Repasar su estilo de trabajo es acercarse a un modo peculiar, y extraordinariamente vigente, de encarar el periodismo con inteligencia y responsabilidad. Preparaba mucho sus entrevistas, pero no se ataba a las preguntas imaginadas; sobre todo, sabía escuchar y repreguntar. Parece fácil, pero no lo es.

Gabriel García Márquez lo definía así: “Un buen entrevistador, a mi modo de ver, debe ser capaz de sostener con su entrevistado una conversación fluida, y de reproducir luego la esencia. El resultado no será literal, pero creo que será más fiel, y sobre todo, más humano. Ahora en cambio, uno tiene la impresión de que el entrevistador no está oyendo lo que se dice, porque cree que el magnetófono lo oye todo. Y se equivoca: no oye los latidos del corazón, que es lo que más vale en una entrevista”. Y eso es lo que hacía María Esther: sus reportajes no eran nunca literales y no se ataba a las preguntas que había preparado, porque sabía escuchar. Elegía los detalles, los gestos y las palabras que mejor trasmitían el encuentro. “Y también lo que se debe callar por respeto al entrevistado –escribió–, cuando al calor del clima creado este dice algo que no debe ser publicado”. En ese sentido, el método Gilio estaba en las antípodas del de periodistas como Oriana Fallaci o Truman Capote, quienes buscaron por todos los medios que el entrevistado bajara sus defensas y soltara algo que no habría dicho si hubiera tenido tiempo de reflexionar. Y nunca era ella el centro de la entrevista –un defecto muy extendido en el oficio–. Incluso no le importaba pasar por ingenua para conseguir la confianza del entrevistado.
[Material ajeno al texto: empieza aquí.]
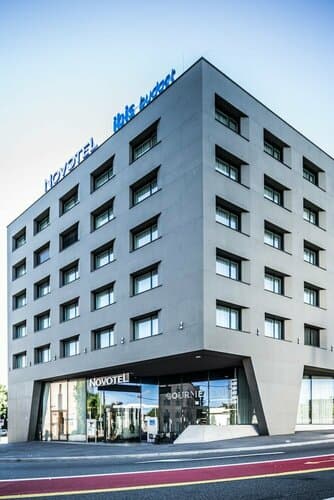 Внешний вид отеля Novotel Basel City в Базели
Hizo cientos de entrevistas –varias reunidas en libro–, entre las que sobresalen las dedicadas a Juan Carlos Onetti, Aníbal Troilo, Jorge Luis Borges, Pablo Neruda, Noam Chomsky, Wilson Ferreira Aldunate y José Mujica, entre muchas otras. Solía decir que el periodismo tiene la superficie del océano y la profundidad de un charco. Visto desde hoy, es claro que su trabajo desafía esa afirmación.